Well, now it seems, the benighted structure is falling victim to the muddle that is the Mayor and City Council, and the muddle that is the Ministry of Local Government, and the lacuna between the two. It is bad news for repairs and bad news for preservation. As the story in our edition today shows, even the money which former president, Mr Bharrat Jagdeo gave last year for emergency repairs has not yet been spent in total. The M&CC was given $20M, of which only $5M has so far been expended. According to Mayor Hamilton Green the council was waiting for the City Engineer’s Department to put forward a project proposal – for some months, one presumes. The city engineer had been told to start with the roof, but had begun with the windows instead and had done some work there. The Mayor said they were awaiting a report on the fact the $5M was not spent properly.

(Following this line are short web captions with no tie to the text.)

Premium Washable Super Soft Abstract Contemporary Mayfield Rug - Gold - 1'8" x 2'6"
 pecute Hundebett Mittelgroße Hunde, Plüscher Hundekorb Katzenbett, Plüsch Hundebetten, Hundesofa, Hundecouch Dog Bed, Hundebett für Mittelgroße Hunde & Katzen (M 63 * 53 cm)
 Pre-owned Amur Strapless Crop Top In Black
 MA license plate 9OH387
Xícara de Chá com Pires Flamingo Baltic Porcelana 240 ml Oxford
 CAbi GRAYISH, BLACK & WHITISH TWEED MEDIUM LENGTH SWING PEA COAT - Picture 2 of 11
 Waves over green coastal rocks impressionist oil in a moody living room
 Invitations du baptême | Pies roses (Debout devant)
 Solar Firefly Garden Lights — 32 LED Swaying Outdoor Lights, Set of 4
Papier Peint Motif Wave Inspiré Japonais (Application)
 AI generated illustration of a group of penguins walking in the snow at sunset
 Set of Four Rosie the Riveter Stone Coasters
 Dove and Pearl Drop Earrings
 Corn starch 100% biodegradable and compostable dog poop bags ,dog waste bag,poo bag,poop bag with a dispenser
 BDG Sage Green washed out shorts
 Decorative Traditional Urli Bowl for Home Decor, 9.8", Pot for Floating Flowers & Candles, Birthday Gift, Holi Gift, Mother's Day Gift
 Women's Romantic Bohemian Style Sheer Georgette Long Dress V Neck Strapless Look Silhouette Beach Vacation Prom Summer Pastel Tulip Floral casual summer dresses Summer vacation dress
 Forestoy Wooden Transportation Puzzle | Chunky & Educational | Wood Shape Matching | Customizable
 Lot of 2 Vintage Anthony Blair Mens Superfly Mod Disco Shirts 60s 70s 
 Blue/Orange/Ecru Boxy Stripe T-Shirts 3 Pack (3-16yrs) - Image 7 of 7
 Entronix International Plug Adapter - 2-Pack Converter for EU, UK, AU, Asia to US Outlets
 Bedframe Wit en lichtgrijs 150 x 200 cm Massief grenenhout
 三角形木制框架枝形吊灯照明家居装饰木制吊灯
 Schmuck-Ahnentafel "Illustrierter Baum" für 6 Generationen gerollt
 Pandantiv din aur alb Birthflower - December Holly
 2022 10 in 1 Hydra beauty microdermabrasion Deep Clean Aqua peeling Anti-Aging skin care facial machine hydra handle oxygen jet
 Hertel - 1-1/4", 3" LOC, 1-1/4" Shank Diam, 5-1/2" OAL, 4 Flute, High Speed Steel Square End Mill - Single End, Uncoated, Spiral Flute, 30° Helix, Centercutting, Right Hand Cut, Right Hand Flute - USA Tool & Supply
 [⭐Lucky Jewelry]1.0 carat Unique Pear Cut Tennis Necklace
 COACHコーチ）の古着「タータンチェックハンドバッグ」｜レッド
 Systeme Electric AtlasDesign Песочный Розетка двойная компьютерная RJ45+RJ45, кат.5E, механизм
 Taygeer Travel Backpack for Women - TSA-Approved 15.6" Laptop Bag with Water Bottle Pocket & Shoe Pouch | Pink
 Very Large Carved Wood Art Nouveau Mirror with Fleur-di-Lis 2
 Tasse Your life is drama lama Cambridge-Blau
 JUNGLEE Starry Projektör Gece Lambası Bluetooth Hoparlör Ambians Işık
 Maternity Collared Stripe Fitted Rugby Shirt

Well if all of that is not enough to make the sanest resident of Georgetown scream in exasperation, there is more. Minister in the Ministry of Local Government and Regional Development Norman Whittaker has asked Mr Keith Burrowes, it seems, to manage the money (no complaints there), and review any payment to be made in this particular project. Exactly what progress he has made with the engineer’s department has not been revealed, but one can infer not too much, since not too much seems to be happening. Our reporter did ask Deputy Mayor Patricia Chase-Green what efforts the senior members of the council were making to get the City Engineer’s Department to function efficiently, and she replied, “When we intervene in matters of the council the officers run to the Minister who advise[s] them and they do not worry with the council.”
On the face of it this sounds like the death knell for City Hall: the department which is responsible for the emergency repairs is not doing what it should, and the council can do nothing because the officers complain to the Minister as a consequence of which they feel they can ignore the council. What is the matter with the Minister and the council? If both sides know that a department has urgent work to do that is not being done, can’t they operate in concert to ensure that it is? Are we so far gone in terms of the political divide, that we would allow an important item of our material heritage to fall to pieces just because of pettiness?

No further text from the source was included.